EXERCISE AIM:
Transcribe the data that follows without changing a word, and omit the pictures.

Segment Start: DATASET SECTION

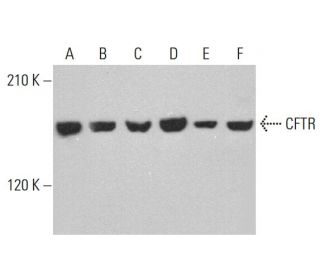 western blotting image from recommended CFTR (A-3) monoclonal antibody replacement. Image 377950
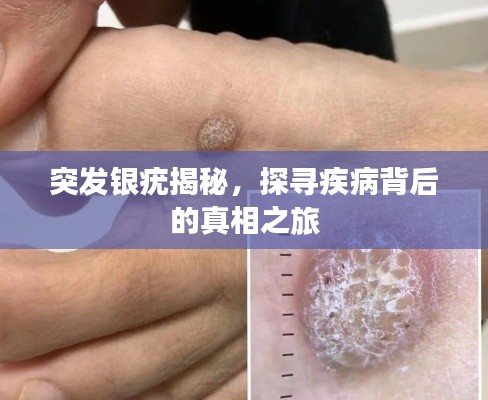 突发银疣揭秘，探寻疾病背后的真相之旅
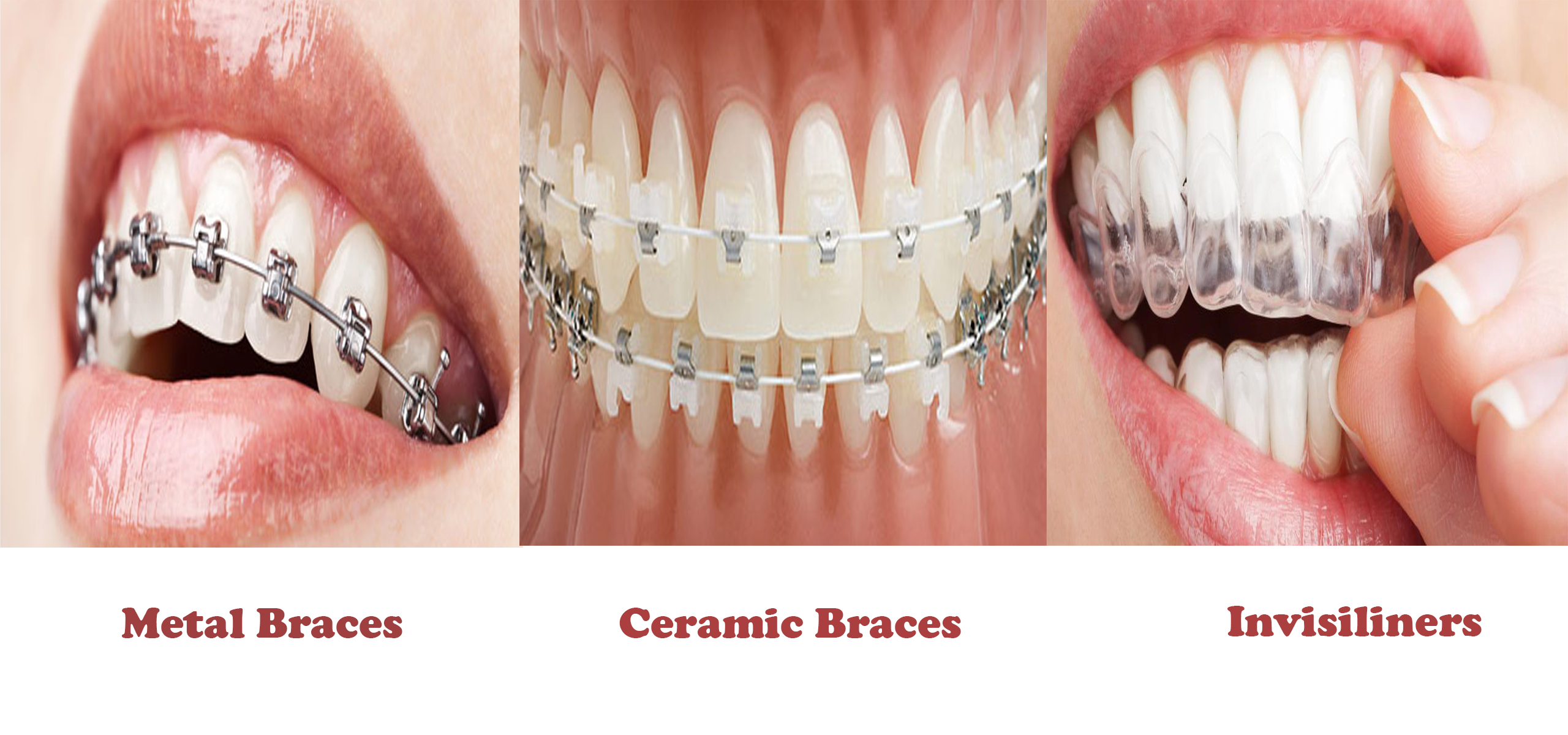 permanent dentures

Segment End: DATASET SECTION

EXERCISE RESULT:
 western blotting image from recommended CFTR (A-3) monoclonal antibody replacement. Image 377950
 突发银疣揭秘，探寻疾病背后的真相之旅
 permanent dentures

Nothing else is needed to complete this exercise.